To continue with the above example to illustrate explainability, we can use the interpretable result (ie. reducing ICU delirium) about a drug effect to help explain the non-interpretable result (ie. reducing the overall length of stay). Keep in mind, however, that we are not directly measuring how the drug reduces the total length of stay; we are measuring something else to help explain how the placebo-controlled trial got the result that it did. We do not know if this reduction in ICU delirium is the primary factor in how this drug reduces the length of stay, and we do not even know if it is a causative factor; it is simply a fact about the drug that logically matches with the study results we do not know, fully, how to explain. 

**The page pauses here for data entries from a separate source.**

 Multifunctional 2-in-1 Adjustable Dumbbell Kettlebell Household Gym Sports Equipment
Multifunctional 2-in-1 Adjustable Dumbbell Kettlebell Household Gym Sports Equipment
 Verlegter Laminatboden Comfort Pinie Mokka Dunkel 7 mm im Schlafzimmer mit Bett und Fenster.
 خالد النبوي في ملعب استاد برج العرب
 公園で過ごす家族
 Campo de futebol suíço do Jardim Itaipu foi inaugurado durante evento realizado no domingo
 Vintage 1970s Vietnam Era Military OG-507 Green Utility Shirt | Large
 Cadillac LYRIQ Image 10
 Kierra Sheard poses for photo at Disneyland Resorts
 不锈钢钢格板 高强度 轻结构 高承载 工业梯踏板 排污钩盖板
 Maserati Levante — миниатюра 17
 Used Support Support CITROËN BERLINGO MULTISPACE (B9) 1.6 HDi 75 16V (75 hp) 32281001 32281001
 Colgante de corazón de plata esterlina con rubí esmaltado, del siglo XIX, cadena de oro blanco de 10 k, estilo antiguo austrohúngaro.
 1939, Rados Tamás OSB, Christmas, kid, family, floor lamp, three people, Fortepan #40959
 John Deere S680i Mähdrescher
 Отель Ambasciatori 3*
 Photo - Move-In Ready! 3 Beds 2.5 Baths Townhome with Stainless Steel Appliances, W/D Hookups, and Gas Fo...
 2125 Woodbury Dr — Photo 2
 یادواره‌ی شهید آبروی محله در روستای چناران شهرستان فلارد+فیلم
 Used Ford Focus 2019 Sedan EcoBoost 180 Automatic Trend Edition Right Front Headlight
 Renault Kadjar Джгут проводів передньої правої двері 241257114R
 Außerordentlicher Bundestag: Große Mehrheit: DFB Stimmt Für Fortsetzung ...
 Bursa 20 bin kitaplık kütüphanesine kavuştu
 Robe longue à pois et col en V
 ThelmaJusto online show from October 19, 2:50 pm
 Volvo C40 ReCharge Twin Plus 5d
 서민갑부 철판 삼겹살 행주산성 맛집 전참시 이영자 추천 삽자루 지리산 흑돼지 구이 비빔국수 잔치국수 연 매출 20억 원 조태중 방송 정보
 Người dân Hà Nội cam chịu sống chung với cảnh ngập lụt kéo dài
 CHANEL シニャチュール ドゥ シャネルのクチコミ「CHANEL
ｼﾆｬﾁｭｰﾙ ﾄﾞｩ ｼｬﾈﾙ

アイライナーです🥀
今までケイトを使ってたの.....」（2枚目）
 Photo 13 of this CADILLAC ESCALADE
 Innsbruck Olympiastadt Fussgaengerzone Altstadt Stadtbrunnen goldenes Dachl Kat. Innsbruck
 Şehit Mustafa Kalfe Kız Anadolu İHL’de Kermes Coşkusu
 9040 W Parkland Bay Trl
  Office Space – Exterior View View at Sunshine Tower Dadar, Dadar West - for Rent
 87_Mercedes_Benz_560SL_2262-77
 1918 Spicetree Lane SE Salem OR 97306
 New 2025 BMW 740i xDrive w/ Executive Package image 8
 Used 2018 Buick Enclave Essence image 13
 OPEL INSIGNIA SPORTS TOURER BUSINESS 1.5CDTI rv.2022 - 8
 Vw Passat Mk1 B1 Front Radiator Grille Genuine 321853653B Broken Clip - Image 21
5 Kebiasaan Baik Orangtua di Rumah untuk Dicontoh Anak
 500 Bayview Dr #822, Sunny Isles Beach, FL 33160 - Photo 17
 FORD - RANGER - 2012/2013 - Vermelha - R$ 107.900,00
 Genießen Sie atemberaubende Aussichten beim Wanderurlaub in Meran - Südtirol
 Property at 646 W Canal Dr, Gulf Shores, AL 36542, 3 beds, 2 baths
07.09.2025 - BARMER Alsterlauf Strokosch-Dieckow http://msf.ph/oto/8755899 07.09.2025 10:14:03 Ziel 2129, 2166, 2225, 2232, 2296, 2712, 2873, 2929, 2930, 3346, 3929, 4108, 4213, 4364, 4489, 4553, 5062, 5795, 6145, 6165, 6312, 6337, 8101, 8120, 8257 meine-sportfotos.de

What Model Explainability is Not: Explainability is not knowledge discovery

To continue setting the stage before we dive into the types of models used, let us just clarify the difference between a prediction and an explanation in the context of knowledge discovery. Deep learning is often used to generate a prediction, as we have seen in earlier sections of the AI Roadmap, and this is fundamentally separate and distinct from an explanation. Explanatory studies are designed to help us understand something about the way the world works; we start with a hypothesis, then we generate data to see if the hypothesis is supported. Prediction studies, on the other hand, are designed to help us predict if something will or will not happen (NOT why it will or will not happen); in this case, we start instead, with data, and then, create a model.  The key issue, and the reason that we are careful in outlining these differences to you, is that most people incorrectly think that the model they created explains the underlying mechanism behind the event (ie. that the model, itself, can tell you why or how the event they were trying to predict occurs). More specifically, people sometimes try to use explainability methods as a way to describe how an event or phenomenon works in the real world. This is incorrect. An explainability technique is only helping to explain how a model works, which itself is just a prediction, not a proposed explanation (i.e. testable hypothesis) for how the world works. If you are designing a model to create a prediction, it is exactly that one output only your model is designed to give, the prediction. Prediction does not mean explanation.